Alas, a Great Hunt

March 5, 2008
By Hailey Budnick, Missouri City, TX

There comes a day when all of your work pays off. When the alarm clocks set to four a.m., the aching quads, and the muscle-relaxing ice baths all become worth while. For some this day never comes, and their hard work seems to have been a waste. For the others, an experience comes along that summons a fiery passion within.

Competitive swimming is like a game of cat and mouse, where the mouse is the time you long for, the winning time, and the cats are the swimmers chasing that time. It was a beautiful night for chasing mice, our entire team thought so. We all gathered in a foreign swimming natatorium in Corpus Christi, Texas. It was our last meet of our travel trip. In fact, it was the last meet of the season, and my last chance to shine. I was swimming one event and one event only, the 500 yard freestyle. Twenty glorious laps of pain, agony, and lately, defeat. I wanted a change to change all of that, and my chance was coming up next race.
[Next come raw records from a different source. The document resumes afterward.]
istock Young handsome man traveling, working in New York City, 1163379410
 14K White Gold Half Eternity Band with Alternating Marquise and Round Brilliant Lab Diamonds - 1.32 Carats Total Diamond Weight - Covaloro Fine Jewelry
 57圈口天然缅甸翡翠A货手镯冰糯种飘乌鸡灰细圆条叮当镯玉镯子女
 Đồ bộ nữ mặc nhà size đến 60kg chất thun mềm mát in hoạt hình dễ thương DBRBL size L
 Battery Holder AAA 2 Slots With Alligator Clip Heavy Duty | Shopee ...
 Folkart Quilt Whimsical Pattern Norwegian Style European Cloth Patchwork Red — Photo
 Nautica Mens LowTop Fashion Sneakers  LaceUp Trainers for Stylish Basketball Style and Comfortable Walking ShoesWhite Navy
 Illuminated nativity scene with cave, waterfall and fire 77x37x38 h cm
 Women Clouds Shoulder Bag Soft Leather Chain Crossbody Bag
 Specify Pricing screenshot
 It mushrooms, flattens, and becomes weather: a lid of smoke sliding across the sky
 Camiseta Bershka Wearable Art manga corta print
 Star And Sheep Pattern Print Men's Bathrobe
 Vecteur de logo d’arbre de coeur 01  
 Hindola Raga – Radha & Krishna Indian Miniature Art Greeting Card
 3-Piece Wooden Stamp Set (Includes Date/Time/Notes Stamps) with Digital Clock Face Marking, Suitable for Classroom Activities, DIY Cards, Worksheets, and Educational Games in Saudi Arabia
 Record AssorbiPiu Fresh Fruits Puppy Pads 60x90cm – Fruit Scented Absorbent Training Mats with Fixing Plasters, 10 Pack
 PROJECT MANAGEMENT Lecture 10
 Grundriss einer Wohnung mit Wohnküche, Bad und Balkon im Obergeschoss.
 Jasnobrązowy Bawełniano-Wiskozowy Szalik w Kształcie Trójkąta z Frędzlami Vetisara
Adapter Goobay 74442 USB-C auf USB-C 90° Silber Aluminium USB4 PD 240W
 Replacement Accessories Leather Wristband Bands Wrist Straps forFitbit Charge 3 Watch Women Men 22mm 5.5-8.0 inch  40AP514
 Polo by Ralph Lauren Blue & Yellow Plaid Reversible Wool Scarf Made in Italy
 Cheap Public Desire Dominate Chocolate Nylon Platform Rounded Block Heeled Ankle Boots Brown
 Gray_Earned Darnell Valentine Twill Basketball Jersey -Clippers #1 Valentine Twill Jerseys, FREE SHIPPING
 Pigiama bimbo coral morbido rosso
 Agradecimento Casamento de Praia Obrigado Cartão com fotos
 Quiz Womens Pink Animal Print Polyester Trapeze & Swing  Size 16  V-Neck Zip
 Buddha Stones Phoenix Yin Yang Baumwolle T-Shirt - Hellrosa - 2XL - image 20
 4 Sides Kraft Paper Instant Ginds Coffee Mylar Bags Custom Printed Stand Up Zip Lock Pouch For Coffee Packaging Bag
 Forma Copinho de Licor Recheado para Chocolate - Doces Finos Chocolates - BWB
I look at the cats lined up alongside the pool. Shivers roll up and down my spine while butterflies try to escape my belly. I hear a voice over the intercom announcing my event. I’ve waited since warm ups, two hours ago, for this moment. I hear the loud, diffused voice of the starter exclaim, “To the blocks”. Obediently, my feline competitors nervously step to a block that is perfectly elevated above the water. I stand, head practically to my toes, waiting. Waiting for the flag to be drawn, for the buzzer to soound. Waiting, to see my mouse. I hang there, vulnerable, thinking of the times I’ve gotten, and the time I want. I want to drop four seconds. Four whole seconds away from my goal time. Four seconds to make every sprint my coach has ever tortured me with, worth it. Four seconds to love this sport again, to respect this sport again.

In the midst of all of my thinking, I spot something. I see the flag drawn, I hear the buzzer sound. My mouse has shown its face. My first lap I pace myself, for my ultimate goal is far too distant in the race to see. As I catch up to my goal, I speed up in excitement. I look side to side at my competitors. They have their fangs quivering and their claws out. They want what I want, they want my mouse. Just like a ferocious pounce after an idled pace, I begin to pick up speed. I can faintly hear my coach screaming at my sudden burst of energy. My struggle with the water ends almost as abruptly as it came. Water is no longer my enemy, but my accomplice. It lifted my pain and exhaustion away and fed my determination like fuel to a fire. My sprints got faster and faster, this mouse was mine, and only mine. I see its tail in front of me, and my paws reach farther and farther with every stroke. At last, I clench its tail between my claws. I glance at my time on the score board.

I did not catch the mouse I worked so hard for, the four second mouse. But instead I caught the much larger, eighteen second mouse. I was crazed with glee as I hopped out of the water and danced merrily. My coach could hardly keep from piddling, and my friends were screaming louder than ever. I glanced at my competitors as the climbed out of the water slowly, drenched to the scalp. Many of them crawled to the edge to lick their battle wounds, the wounds of defeat.

This accomplishment will surely feed me for many moons, which is a good thing given that this was my last mouse hunt of the season. This meet was all that I dreamt for, and so much more. For so many times I had tried and failed, I had grown to detest the game itself. I had worked so hard, for so long. It had all paid off. This earned swimming the credit, respect, and love it deserved back. It earned me the credit and respect back. Everybody agreed as I finally said, “Alas, a great mouse hunt!”